Glenn Whipp began: “As Motion Picture Academy members cast their ballots for Oscar nominations this week, the biggest issue for many voters isn't about who might be nominated but about the diversity of this year's acting class. Their fear: The hashtag #OscarsSoWhite will be trending on social media again.”
So who might benefit from the revelation that an actor of color needs to be nominated?
This year's prominent contenders of color include Michael B. Jordan (Creed), Will Smith (Concussion) and Samuel L. Jackson (The Hateful Eight).

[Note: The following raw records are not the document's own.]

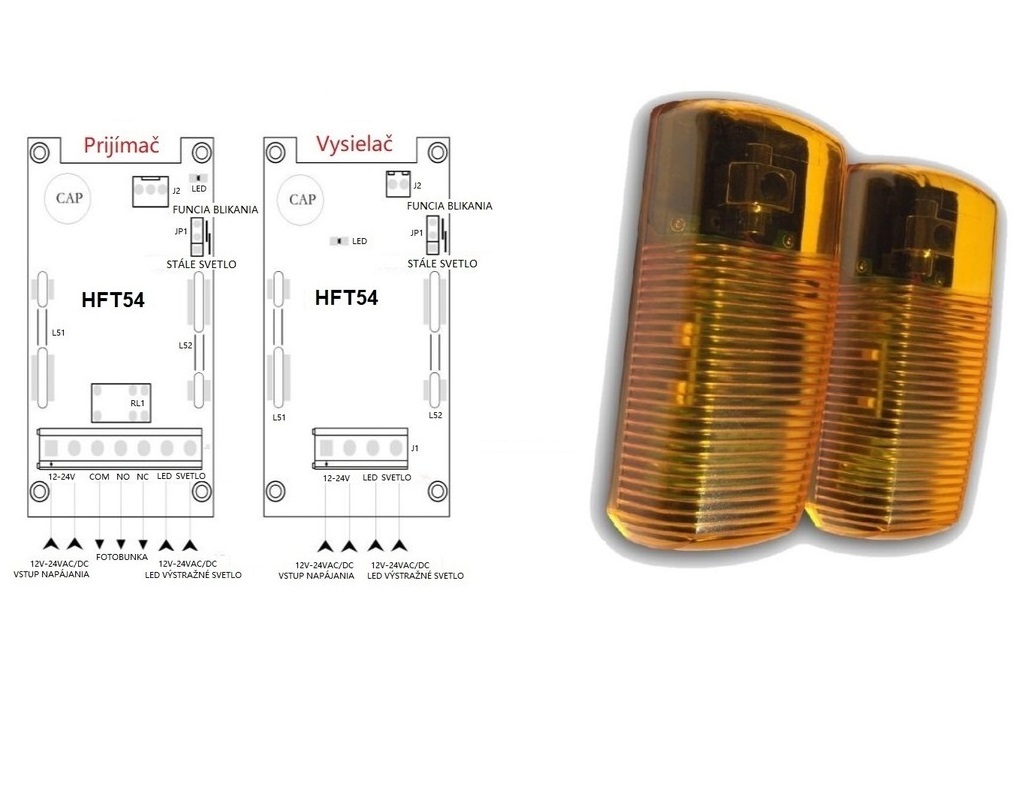HFT54 Fotobunky PF5103 povrchové s integrovaným majákom, 12-24 VAC/ DC rozmer fotobunky: 127x50x35mm, cena za PÁR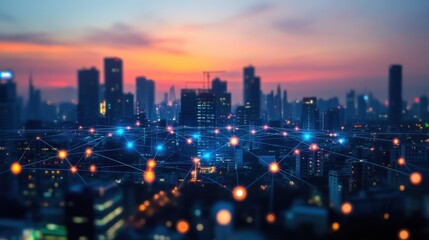 Fototapeta premium Night cityscape with glowing network connections. Illustrates global connectivity and smart city concepts.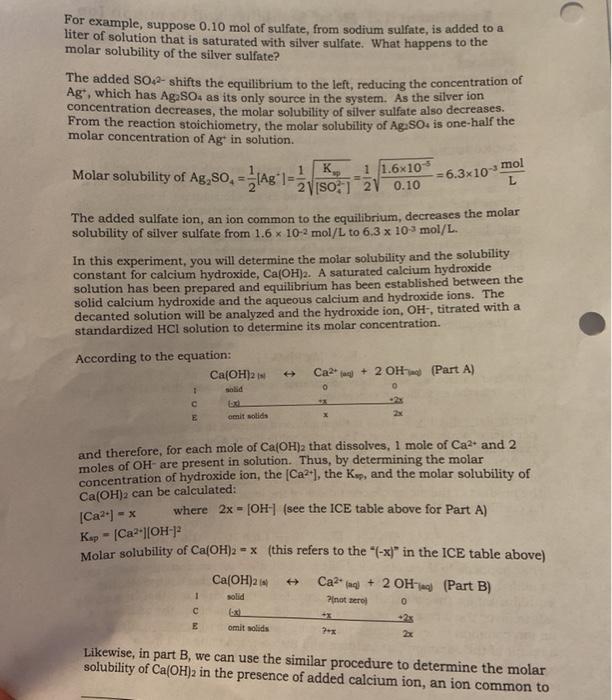 Solved Experiment 12 Molar Solubility and Common Ion Effect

Gray's Compton, nominated in December for a SAG Awards ensemble prize, is also in the mix, as is transgender actress Mya Taylor, who earned a Spirit Awards nomination for her turn as an L.A. prostitute in the indie film Tangerine.

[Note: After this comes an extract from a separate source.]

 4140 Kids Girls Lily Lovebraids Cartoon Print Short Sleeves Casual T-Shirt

Whipp included debate from both sides in Hollywood:
"If it's all-white again, nobody's going to be happy and there might be a growing perception that the academy is out of touch," said USC history professor Steve Ross, author of several books about Hollywood politics. "It has to be a good performance, but, for some, if they're deciding between Will Smith and somebody else, they might just go for Will Smith because of what happened last year."...

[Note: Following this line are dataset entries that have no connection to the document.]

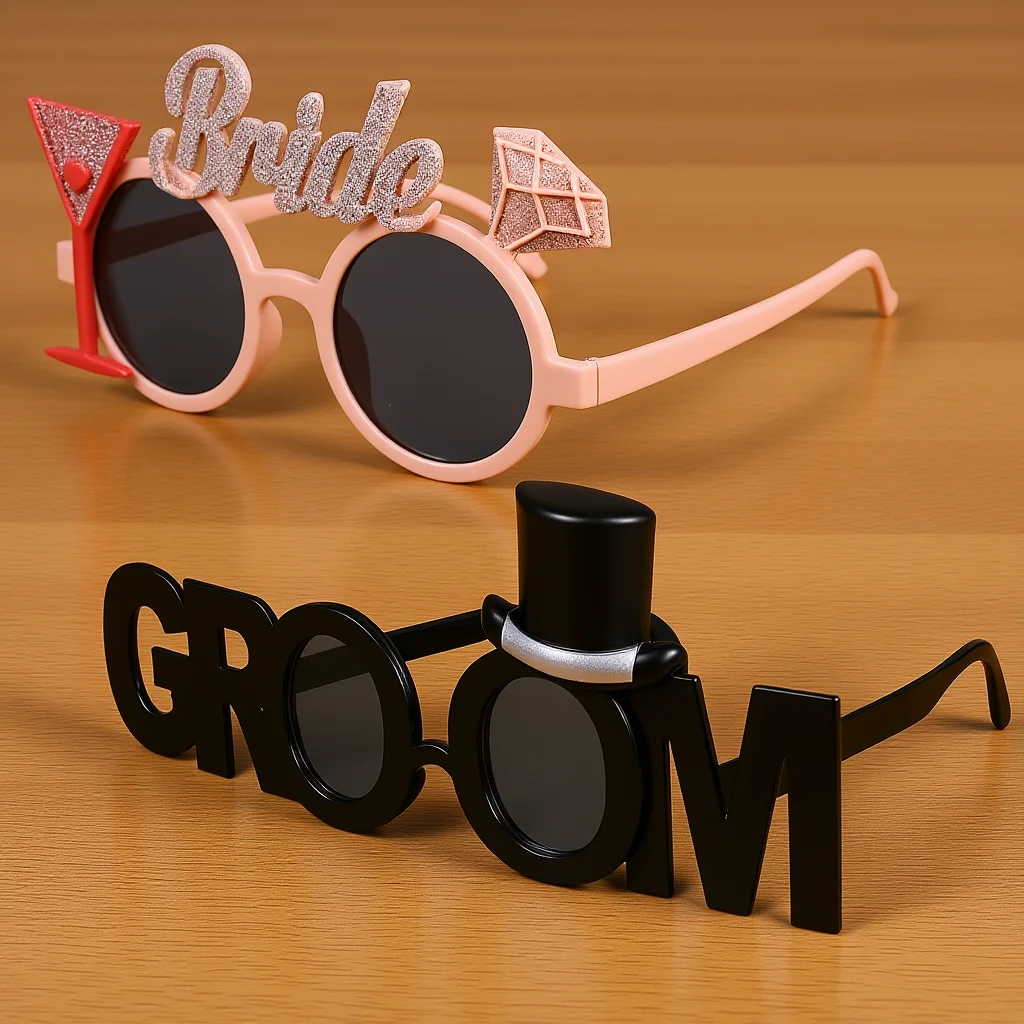 

2pcs Bride Groom Party Sunglasses Funny Glitter Glasses For Wedding Photo Booth Props Bachelor Party Supplies Novelty Eyewear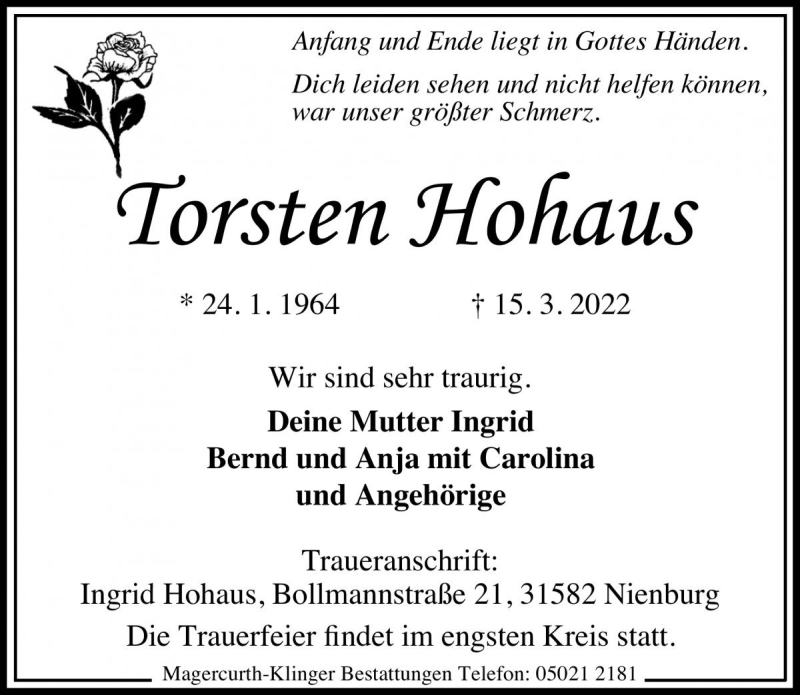  Traueranzeige für Torsten Hohaus vom 17.03.2022 aus Die Harke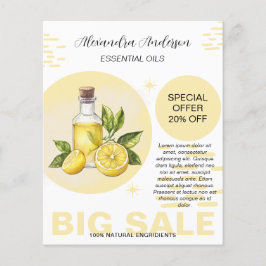 Grüne Lemon Essential Oils Wasserfarbe Botanisch Flyer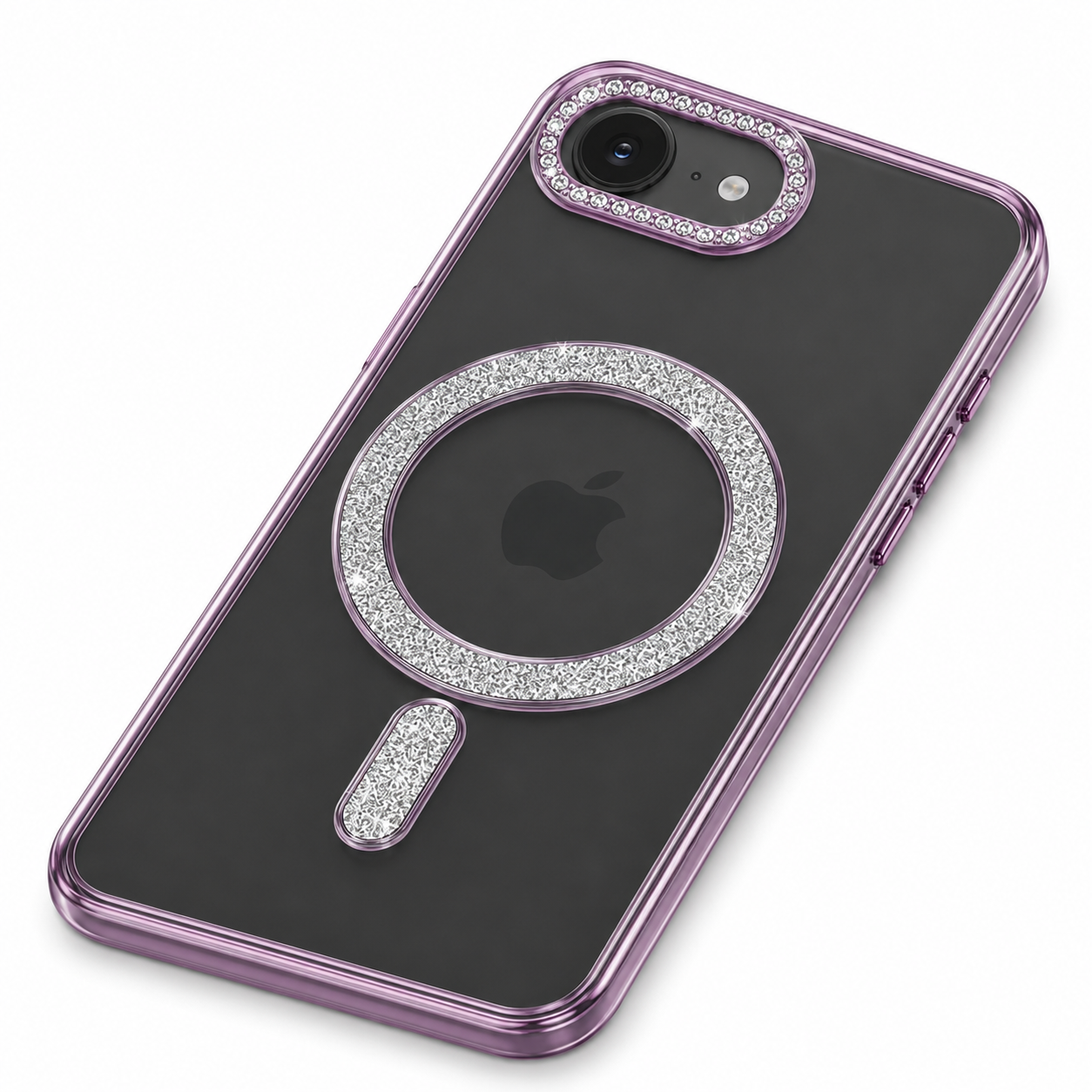 Purple iPhone 17e and 16e glitter MagSafe protective cover back view – buy iPhone cases online Canada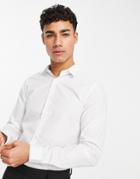 French Connection Skinny Fit Stretch Poplin Shirt In White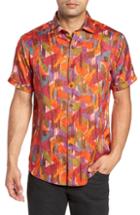Men's Robert Graham Gallagher Classic Fit Silk Blend Sport Shirt, Size - Red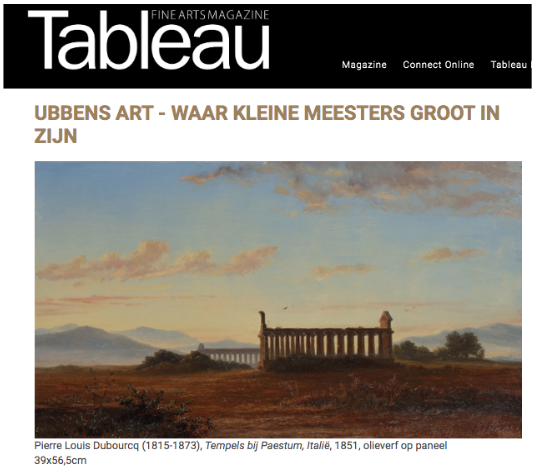 Job Ubbens - Artikel TABLEAU FINE ARTS MAGAZINE sept 2020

"I don't see how you can nominate another group that doesn't include any actor of color and think you'll be taken seriously," one actors branch member said.
F. Gary Gray, director of the N.W.A biopic Straight Outta Compton who joined the academy this year, offers a different view.
"I'm not going to allow politics to influence my judgment because then that defeats the purpose," said Gray, who is African American. "That's not how I make movies and it's not how I'll vote. If something moves me and touches me, that's probably the direction I'll go."
"You definitely want the people who decide these things to reflect society," said Creed writer-director Ryan Coogler. "There's empowerment in representation. It means so much when you see somebody who's like you up there on that stage."
The academy responded to the #OscarsSoWhite criticism in June, inviting 322 new members, its largest class ever. The demographically broad group reflected a concerted move toward "a normalization of our membership to represent both the industry and the country as a whole," academy President Cheryl Boone Isaacs told The Times in an interview at the time.
The academy also announced an initiative to advocate for an "industry-wide commitment" to partner with the academy to "hire, mentor, encourage and promote talent in all areas of our profession." But some black activists (not very credibly) proclaim they don’t even care for the Oscar affirmation:
DuVernay was a central part of last year's Oscar protest after academy members awarded Selma two Oscar nominations — fewer than many had expected. But she says her company's focus is completely divorced from the Oscars.
"The OscarsSoWhite hashtag is what people want to hear about," DuVernay said. "But it's a privileged point of view to think that everyone's end goal is to be in that fancy room. This work needs to be done so people of color can see themselves as real people on screen. That's an issue of survival, essential to our personhood and our humanity and our dignity. It has nothing to do with those hashtags."